L’économiste plaide pour la fin de la croissance dans son Commentaire sur le PIB, «L’équation analphabète», publié dans Nouveau Projet 18. Ici, il en rajoute une couche.

Trois questions à Éric Pineault

Salut Éric. Est-ce que la nuit il t’arrive de rêver à l’héritage de la crise économique des années 1930, qui est au cœur de tes réflexions?

Compléter ce qui avait été initié pendant cette période a été le rêve de plusieurs générations de progressistes en Amérique du Nord et ailleurs dans le monde. Harnacher à la croissance économique la conquête de droits sociaux, la démocratisation sociale, la lutte contre la pauvreté (aujourd’hui, on ajouterait la lutte contre les changements climatiques). Faire de la croissance matérielle le moteur de l’émancipation sociale.

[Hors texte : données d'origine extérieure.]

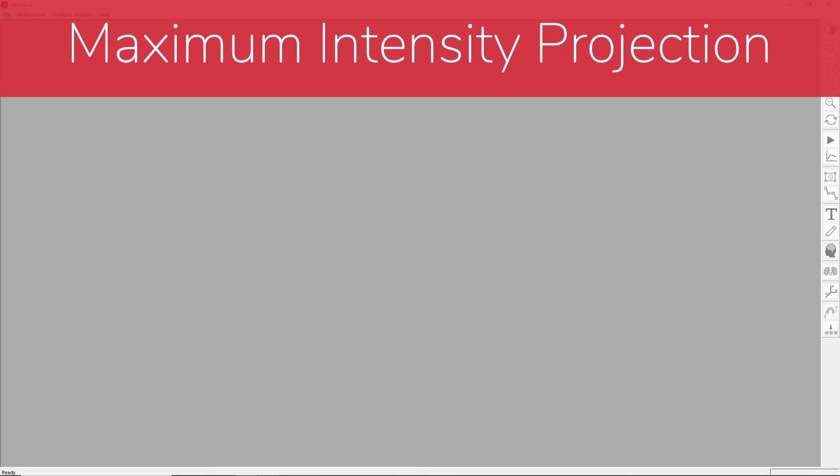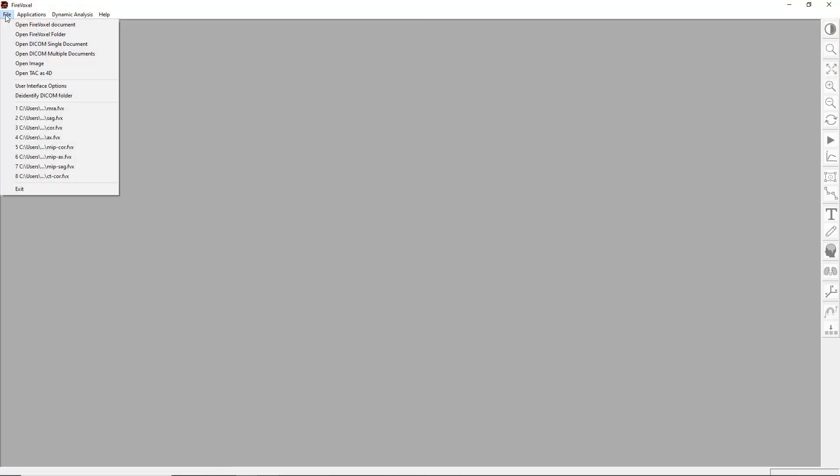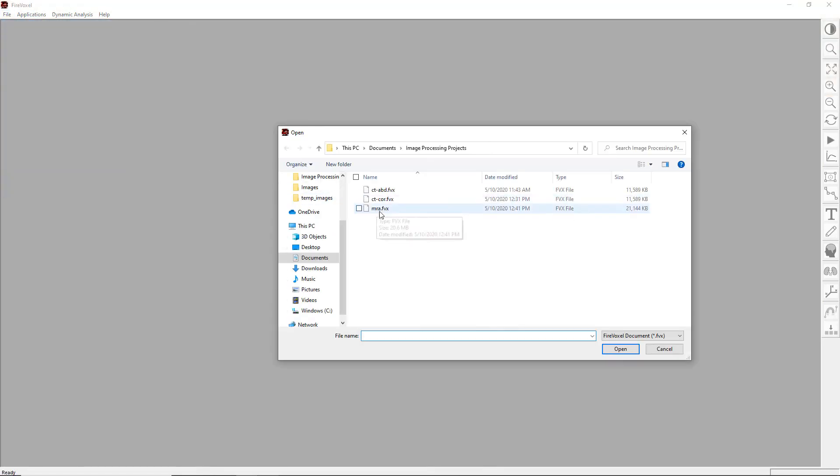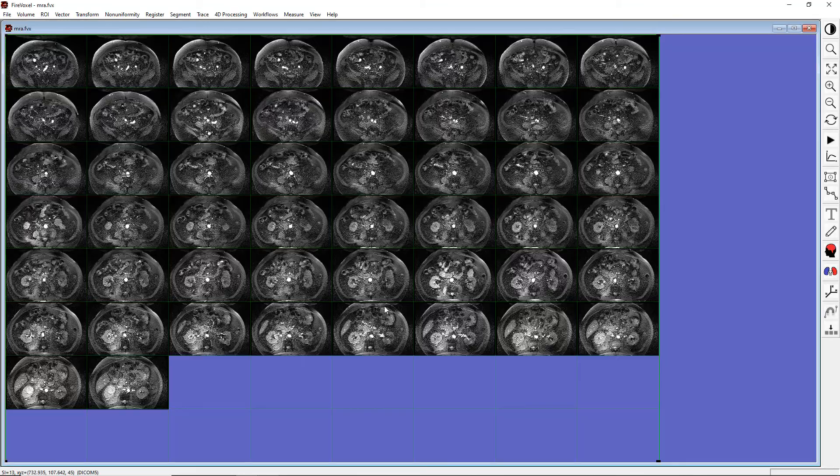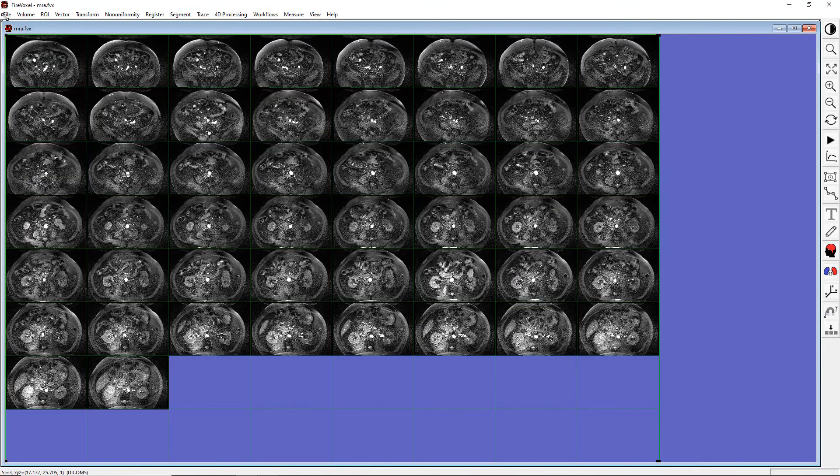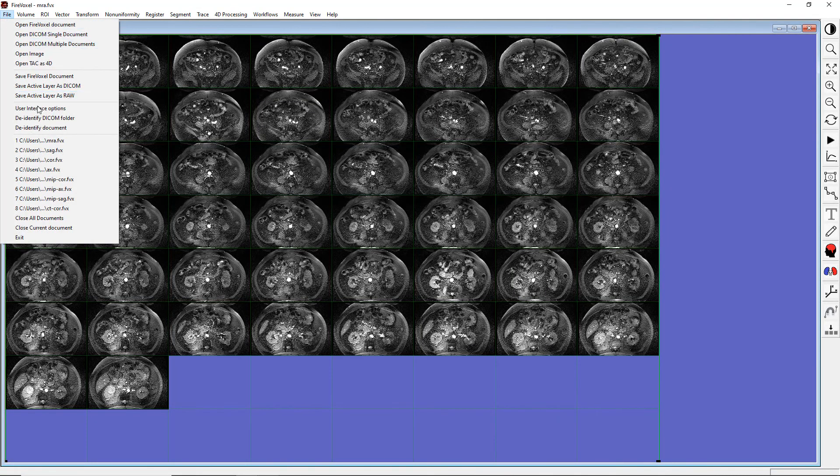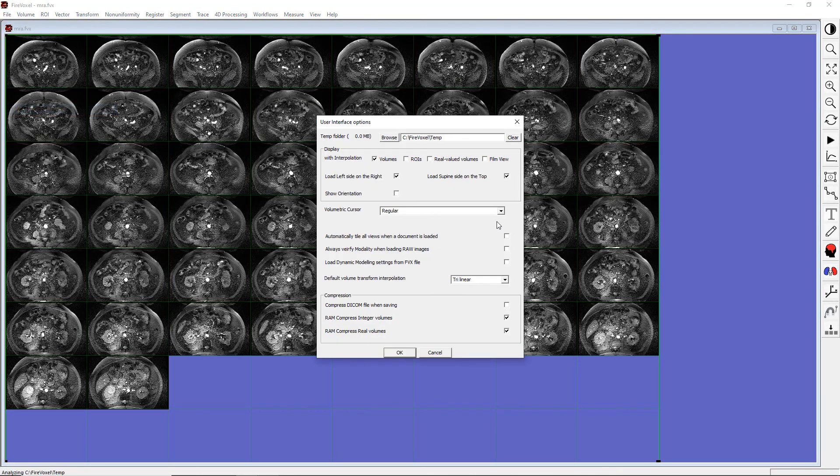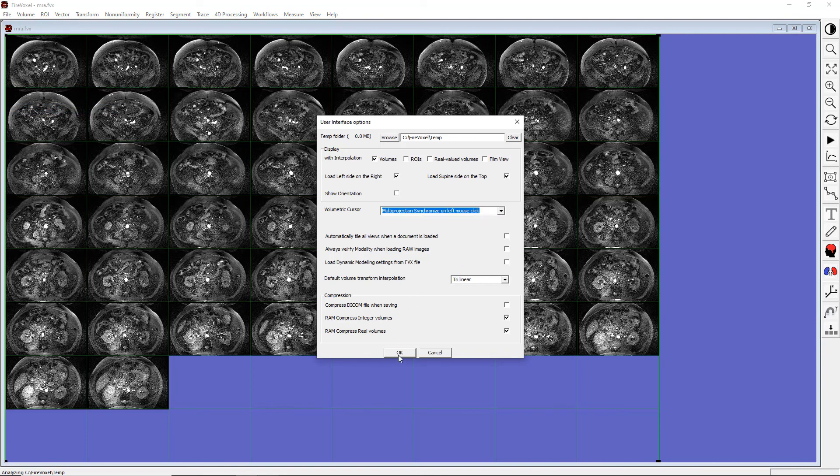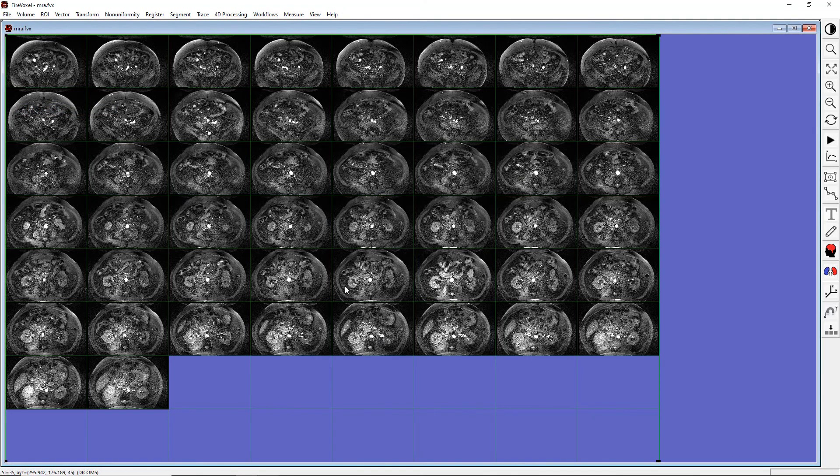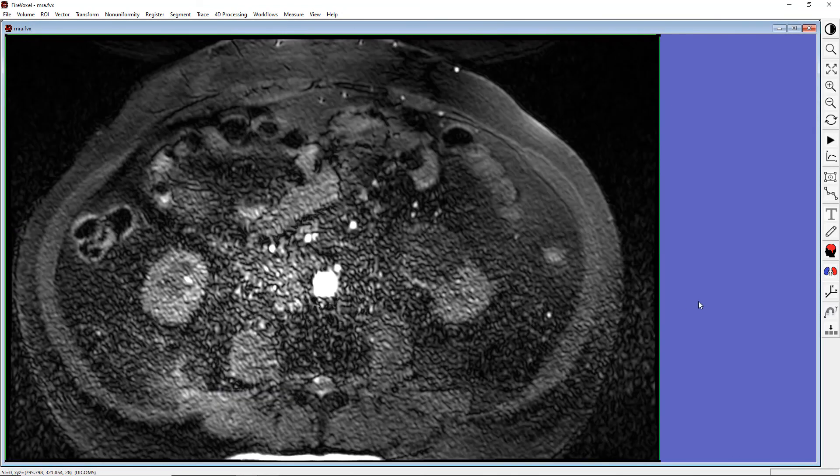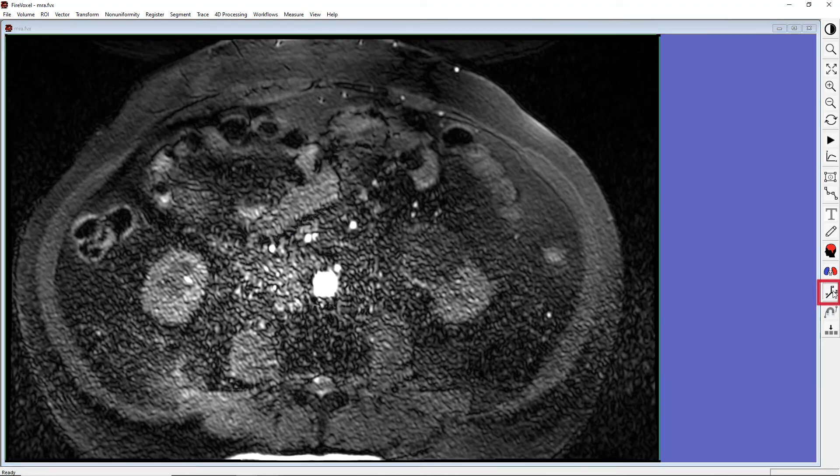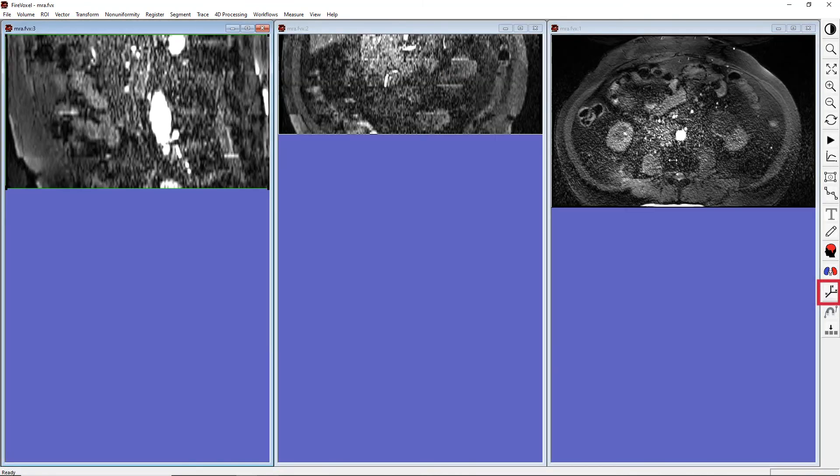Now, let's explore other viewing options, such as the maximum intensity projection. Let's open a document with axial abdominal MR angiography images. And just for convenience, let's reactivate the crosshair. Now, let's click Display Orthogonal Projections to show the other views.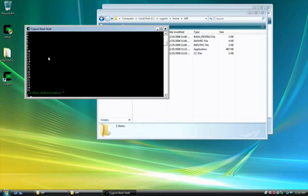And all I did is had the program count to 25. So essentially, that's how you install, use, and compile with Cygwin. Thanks, and if you have any questions, please leave a comment to the video below. Take care.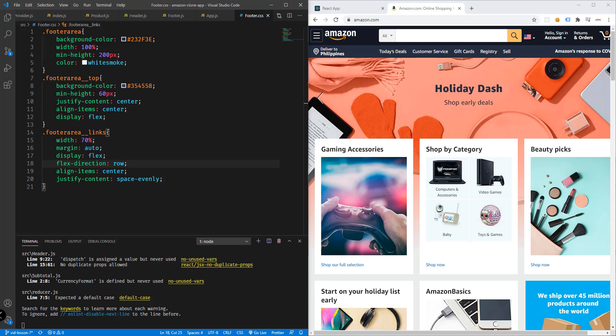Hey, what's going on guys, welcome back to our YouTube channel. This is John from Programming Knowledge and this is Part 9 of our video tutorial series on how to create an ecommerce website using React.js. In this video we're going to add more features to our ecommerce website.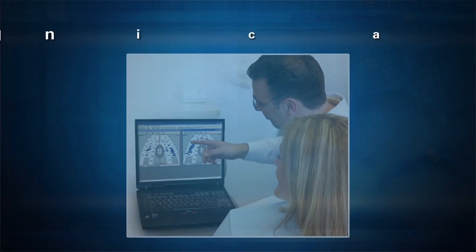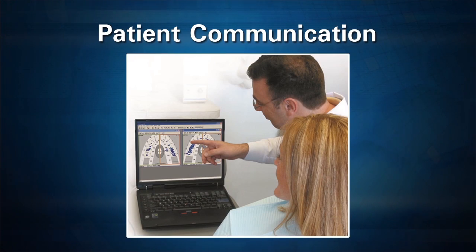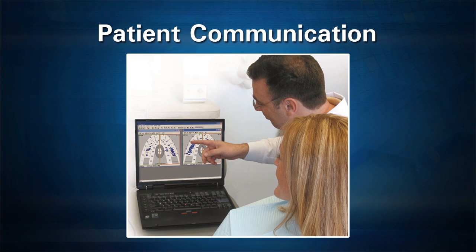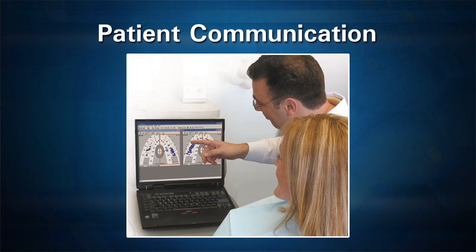The T-Scan is an excellent tool for patient education. The software allows your patient to see their bite on screen, which helps them to see potential problems and the need for treatment.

Tel est l’héritage réformiste du creuset qu’a été la grande crise des années 1930 de l’effort de guerre qui a suivi. 

Dans une version plus contreculturelle et révolutionnaire, cela s’est traduit par la certitude que la croissance économique soutenue déboucherait sur une société d’abondance et de loisir—une idée très populaire au début des années 1970—et cela préparait sur le plan matériel une utopie sociale qu’il ne fallait que vouloir. Le très populaire livre de Murray Bookchin Post-Scarcity Anarchism le disait bien: la rareté matérielle avait été le principal support et justificatif des rapports de domination, des inégalités et de l’exploitation qui ont marqué l’histoire depuis la révolution néolithique. Dans un monde d’abondance, ces rapports—et ce qui venaient avec, soit le capitalisme et la hiérarchie—, pouvaient être surpassés et une société égalitaire et démocratique établie.

Le 20e siècle est donc marqué par le développement d’idéologies progressistes, dans leurs incarnations réformistes ou révolutionnaires, qui font de la croissance la «condition de possibilité» du progrès social. Tel est pour moi l’héritage des années 1930. Le contexte se prête à ce rêve progressiste, les pays occidentaux vivent une période de développement économique très particulier: la croissance telle que la mesure le PIB est forte et ne relâche pas, l’investissement est élevé et son impact tangible, les salaires suivent la hausse de la productivité que permet cet investissement, des couches importantes de la population, ouvriers, salariés, sont tirées de la pauvreté et rejoignent une classe moyenne qui se définie par sa capacité à consommer. 

Un chiffre illustre bien cette trajectoire. Au début des années 1930, le nombre d’automobiles par ménages aux États-Unis est de 0,5, ce qui laisse 50% de la société à pied ou dépendante du transport collectif. En 1950, on passe le cap d’une automobile par ménage. En 1960, 1,5 automobiles, puis en 1970, on atteint le «standard» de la société de consommation avec deux automobiles par ménage. Et ça plafonne à 2,3 pour ensuite reculer légèrement sous la barre de deux à la fin des années 1990. Résultat: l’individu nord-américain s’émancipe des contraintes corporelles qui limitaient ses désirs de mobilité (12 miles à pied, ça use, ça use…) et, grâce à l’auto solo, il se libère également des contraintes sociales liées au transport collectif—du moins entre deux embouteillages. Nous savons aujourd’hui que cette émancipation matérielle a un cout environnemental immense, qui marquera l’existence des diverses générations pendant plusieurs siècles de réchauffement climatique.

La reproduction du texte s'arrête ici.